Ryan Boustany soutiendra publiquement sa thèse en mathématiques le lundi 31 mars 2025 à 14h30 (Auditorium 6, bâtiment TSE)
Titre de la soutenance : On deep network training: complexity, robustness of nonsmooth backpropagation, and inertial algorithms
Directeur de thèse : Professeur Jérôme BOLTE
Pour assister à la soutenance, merci de contacter l'école doctorale de TSE
Membres du jury :
- Pierre ABLIN – Apple, ex-CNRS – Examinateur
- Samir ADLY – XLIM-DMI, University of Limoges – Rapporteur
- Jérôme BOLTE – University of Toulouse 1 Capitole – Supervisor
- Peter OCHS – Saarland University – Rapporteur
- Edouard PAUWELS – Toulouse School of Economics – Co directeur
- Audrey REPETTI – Heriot-Watt University – Rapporteure
Résumé (en anglais) :
Learning based on neural networks relies on the combined use of first-order non-convex optimization techniques, subsampling approximation, and algorithmic differentiation, which is the automated numerical application of differential calculus. These methods are fundamental to modern computing libraries such as TensorFlow, PyTorch and JAX. However, these libraries use algorithmic differentiation beyond their primary focus on basic differentiable operations. Often, models incorporate non-differentiable activation functions like ReLU or generalized derivatives for complex objects (solutions to sub-optimization problems). Consequently, understanding the behavior of algorithmic differentiation and its impact on learning has emerged as a key issue in the machine learning community.

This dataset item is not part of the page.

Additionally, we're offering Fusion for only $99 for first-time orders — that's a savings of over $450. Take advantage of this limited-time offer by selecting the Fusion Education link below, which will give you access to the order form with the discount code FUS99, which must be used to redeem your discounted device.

To address this, a new concept of nonsmooth differentiation, called conservative gradients, has been developed to model nonsmooth algorithmic differentiation in modern learning contexts. This concept also facilitates the formulation of learning guarantees and the stability of algorithms in deep neural networks as they are practically implemented.

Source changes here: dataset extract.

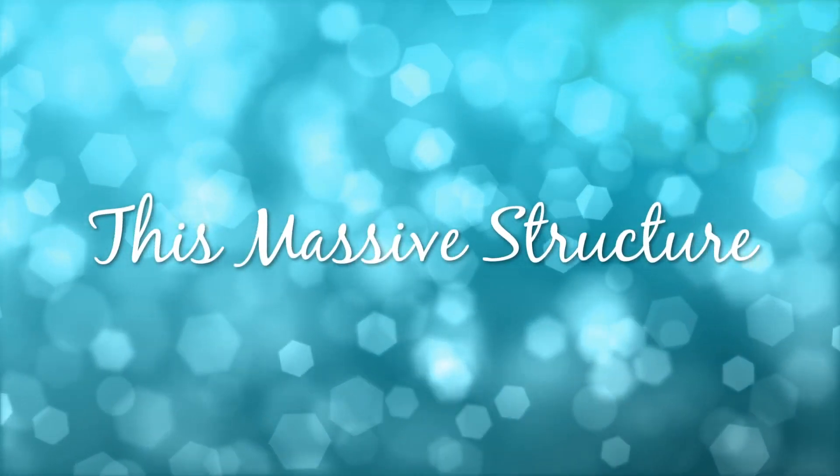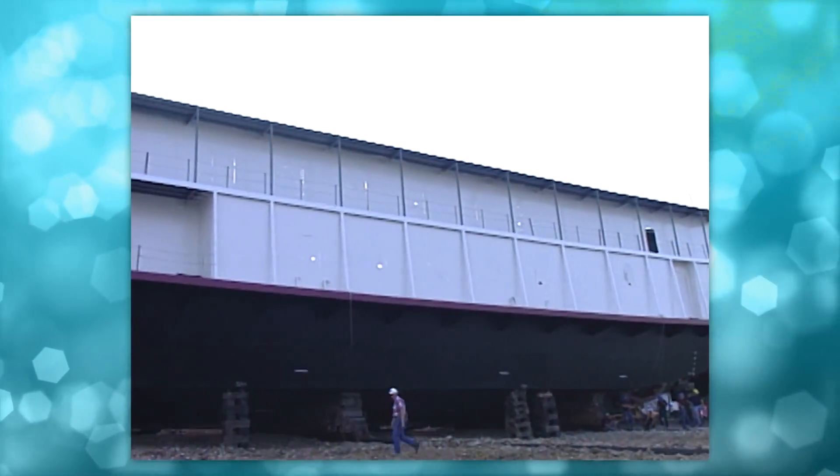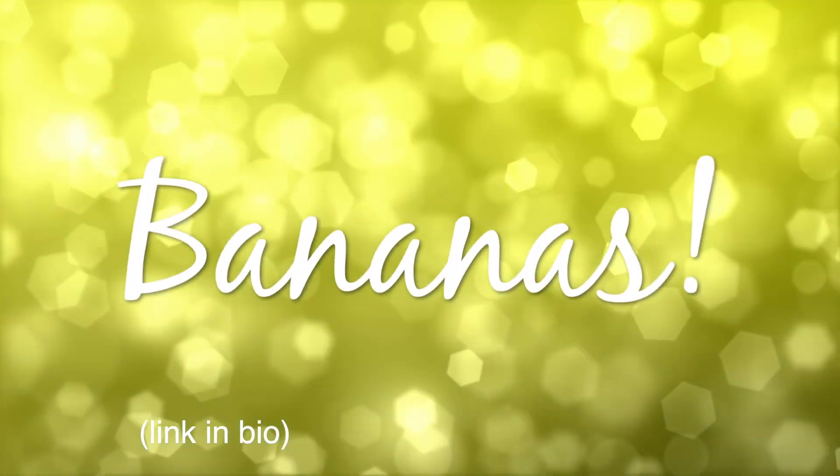How do you launch this massive structure from land into water? To grease the rails the traditional way, with oils, would pollute the lake. The answer: bananas.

In this context, we propose two extensions of the conservative calculus, finding a wide range of applications in machine learning. The first result provides a simple model to estimate the computational costs of the backward and forward modes of algorithmic differentiation for a wide class of nonsmooth programs. A second result focuses on the reliability of automatic differentiation for nonsmooth neural networks operating with floating-point numbers. Finally, we focus on building a new optimizer algorithm exploiting second-order information only using noisy first-order nonsmooth nonconvex automatic differentiation. Starting from a dynamical system (an ordinary differential equation), we build INNAprop, derived from a combination of INNA and RMSprop.